DATASET RECORDS START
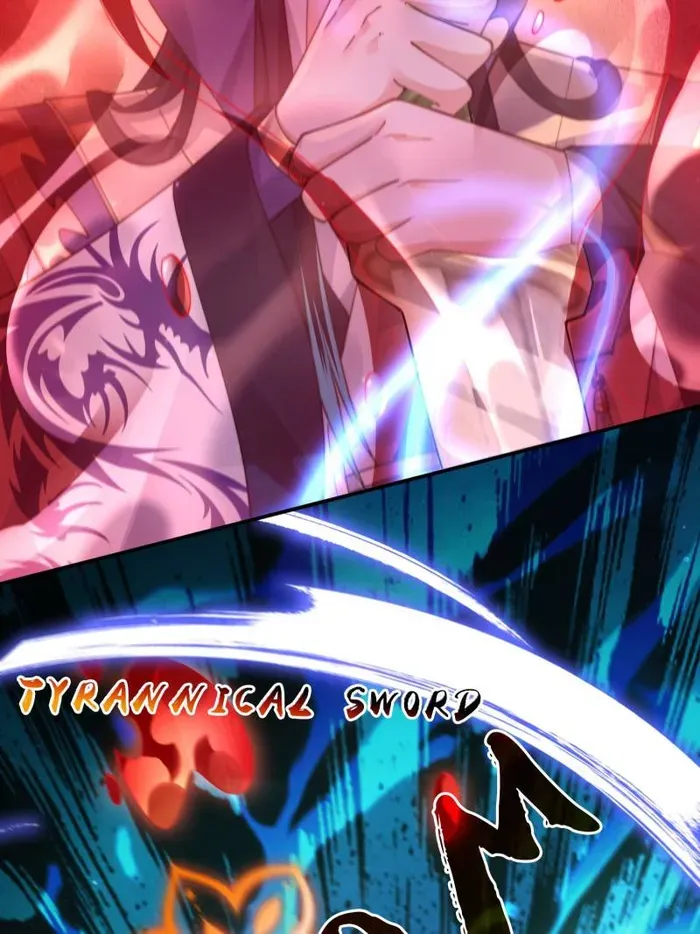 All the Female Apprentices Want to Kill Me Chapter 102 Online - página 41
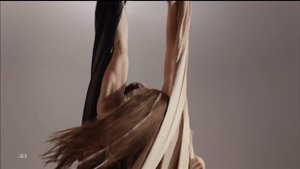 Я кофе заварю... Тебе покрепче? - Светлана Львова Запон, читает Дмитрий Днепровский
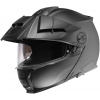 SCHUBERTH prilba E2 matt black - XL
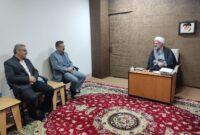 کمبود پزشک متخصص تا چالش تاخیر در پرداخت مطالبه‌های تامین اجتماعی سمنان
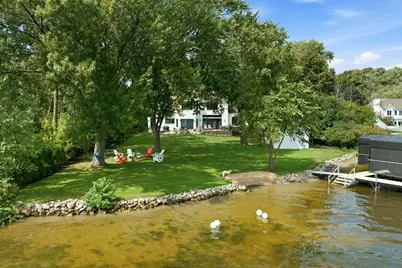 W321N7631  Silver Spring Dr, Merton, WI 53029 - Photo 61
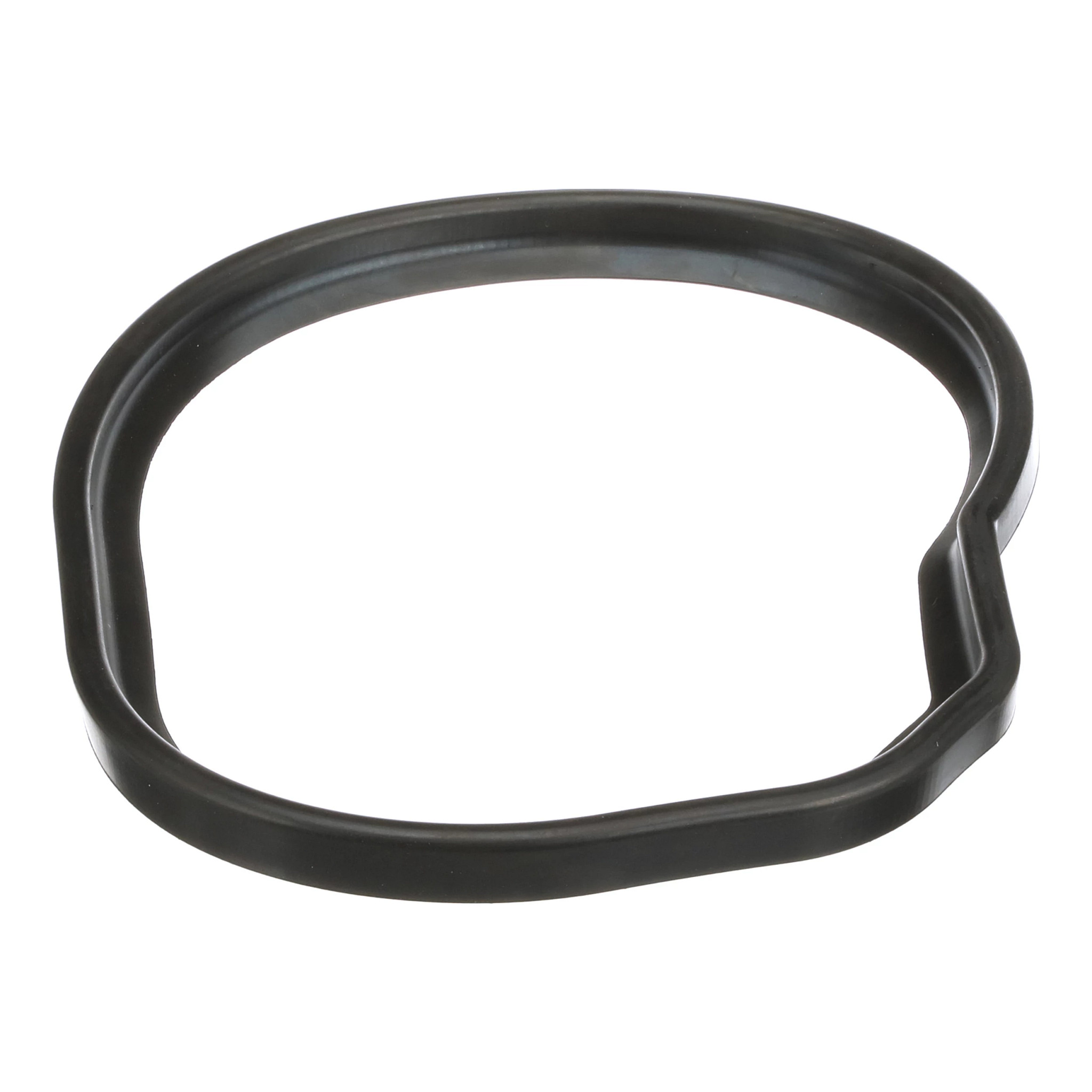 SEAL | NEWHOLLANDAG | CA | EN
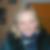 Profilbild von Ivonne Sakowski
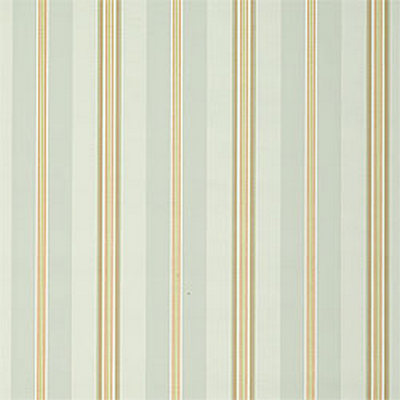 Обои Thibaut Fairfax T3372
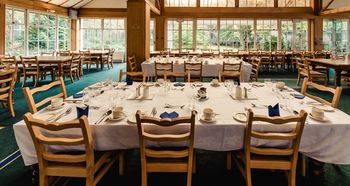 Фото Dcu Rooms At All Hallows College 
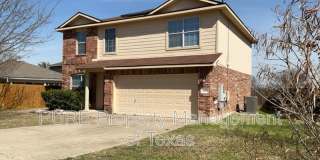 108 Covey Ln 108 Covey Ln Gallery 1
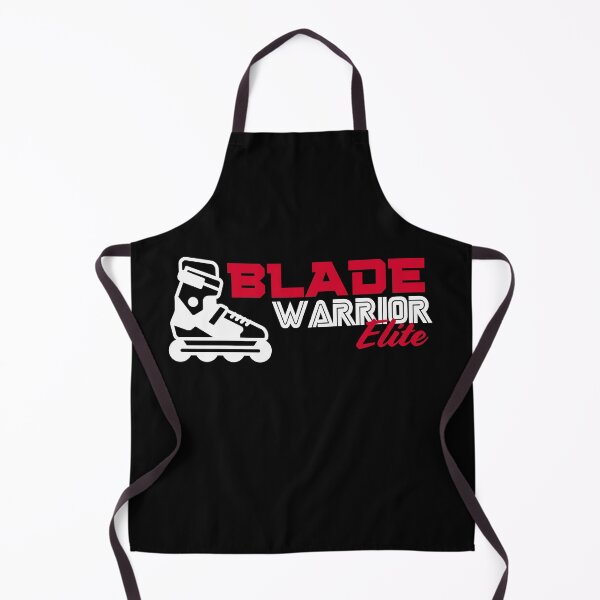 Item preview, Blade Warrior Elite Rollerblade Design  designed and sold by UNK-Fatigues.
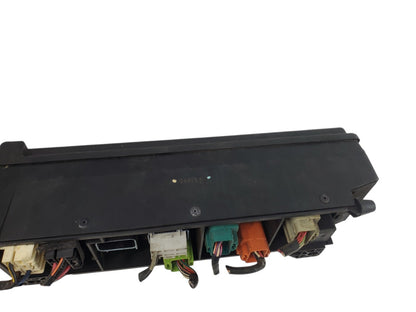 95 Dodge Caravan General Module Comfort Relay (Unit) 4707891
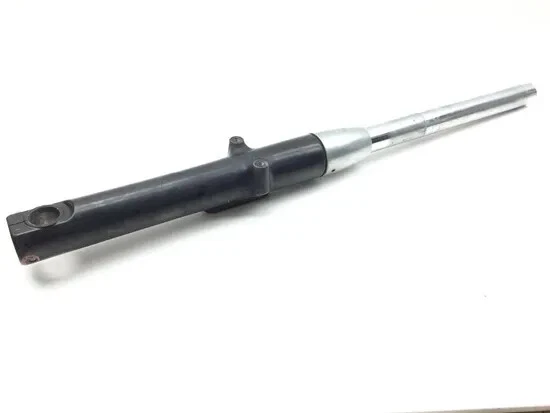 Front Forks Tubes Legs 2012 Triumph Speedmaster 2119 x - Image 2 of 4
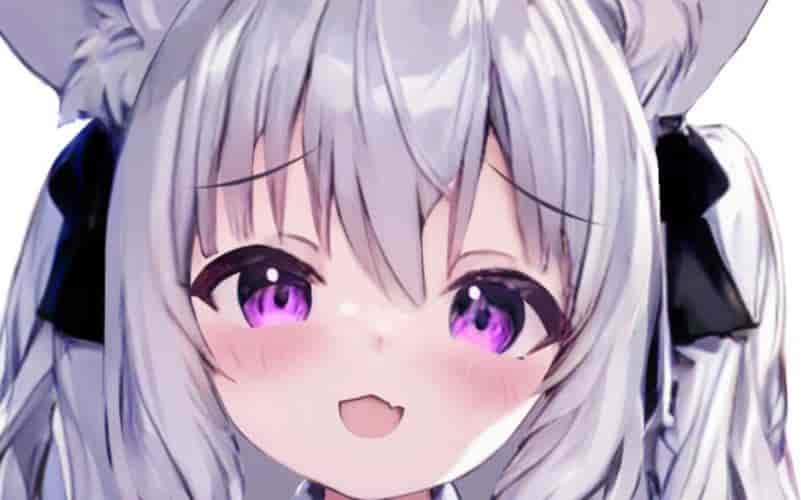 《我的猫女仆》安卓直装版上线：SLG互动新体验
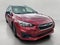 2019 Subaru Impreza 2.0i Premium 5-door CVT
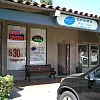 Ocean Day Spa photo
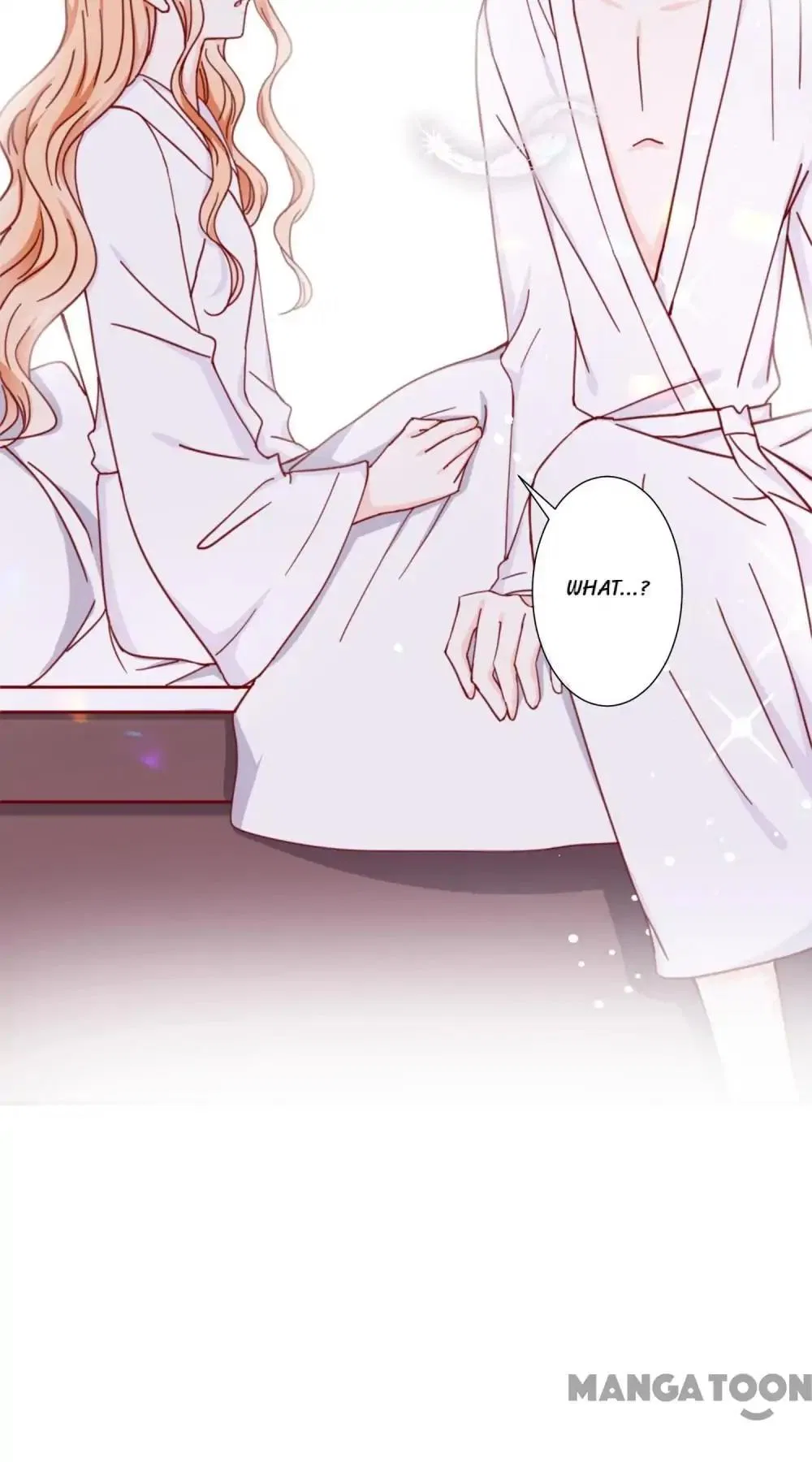 Which Me Do You Wanna Love Today? Chapter 84 – Page 8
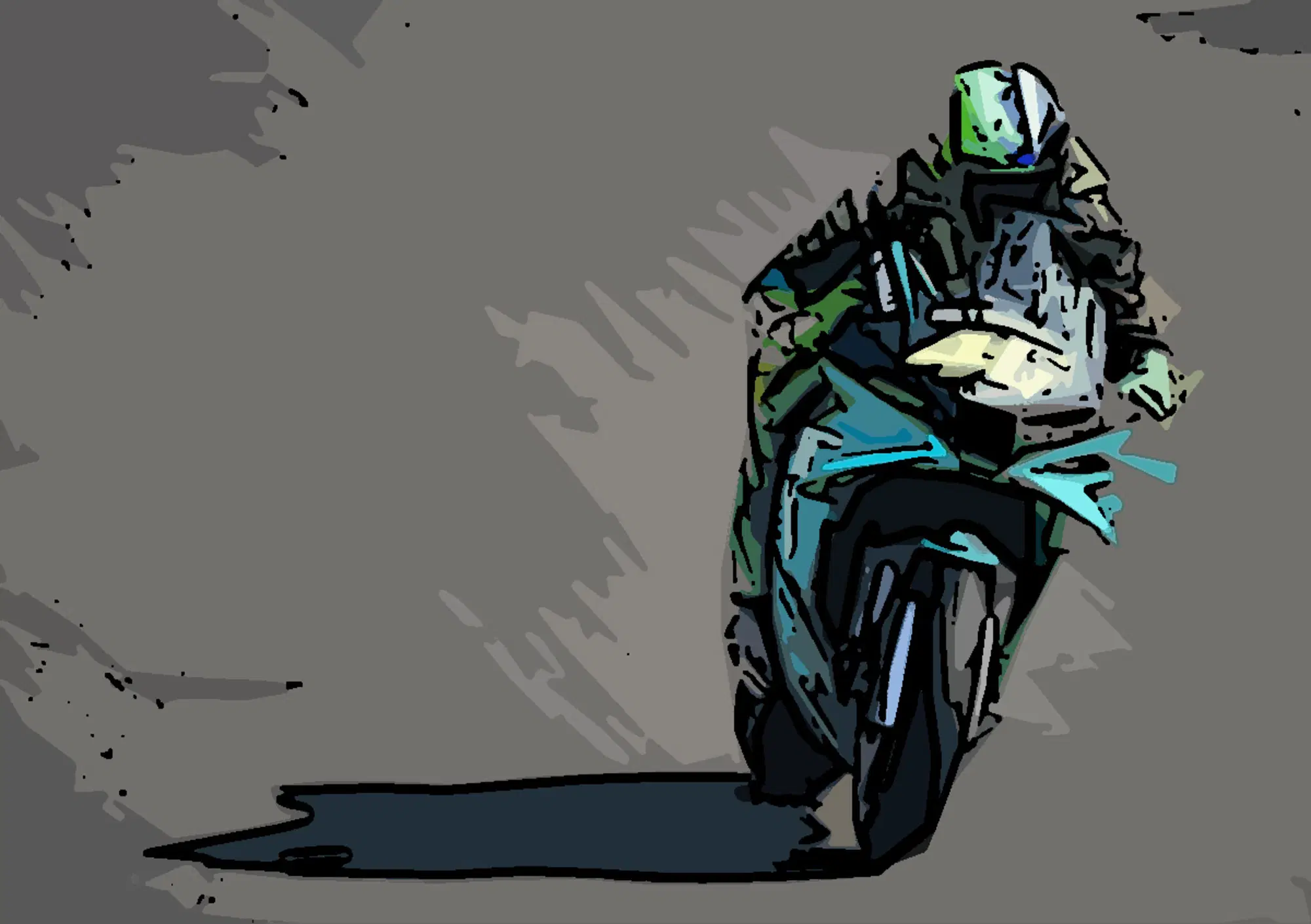 20210519 151213041 2421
DATASET RECORDS END
(TASK BRIEF) The data above needs to be retyped exactly, with the images left out.

(RESULT OF THE TASK)
 All the Female Apprentices Want to Kill Me Chapter 102 Online - página 41
 Я кофе заварю... Тебе покрепче? - Светлана Львова Запон, читает Дмитрий Днепровский
 SCHUBERTH prilba E2 matt black - XL
 کمبود پزشک متخصص تا چالش تاخیر در پرداخت مطالبه‌های تامین اجتماعی سمنان
 W321N7631  Silver Spring Dr, Merton, WI 53029 - Photo 61
 SEAL | NEWHOLLANDAG | CA | EN
 Profilbild von Ivonne Sakowski
 Обои Thibaut Fairfax T3372
 Фото Dcu Rooms At All Hallows College 
 108 Covey Ln 108 Covey Ln Gallery 1
 Item preview, Blade Warrior Elite Rollerblade Design  designed and sold by UNK-Fatigues.
 95 Dodge Caravan General Module Comfort Relay (Unit) 4707891
 Front Forks Tubes Legs 2012 Triumph Speedmaster 2119 x - Image 2 of 4
 《我的猫女仆》安卓直装版上线：SLG互动新体验
 2019 Subaru Impreza 2.0i Premium 5-door CVT
 Ocean Day Spa photo
 Which Me Do You Wanna Love Today? Chapter 84 – Page 8
 20210519 151213041 2421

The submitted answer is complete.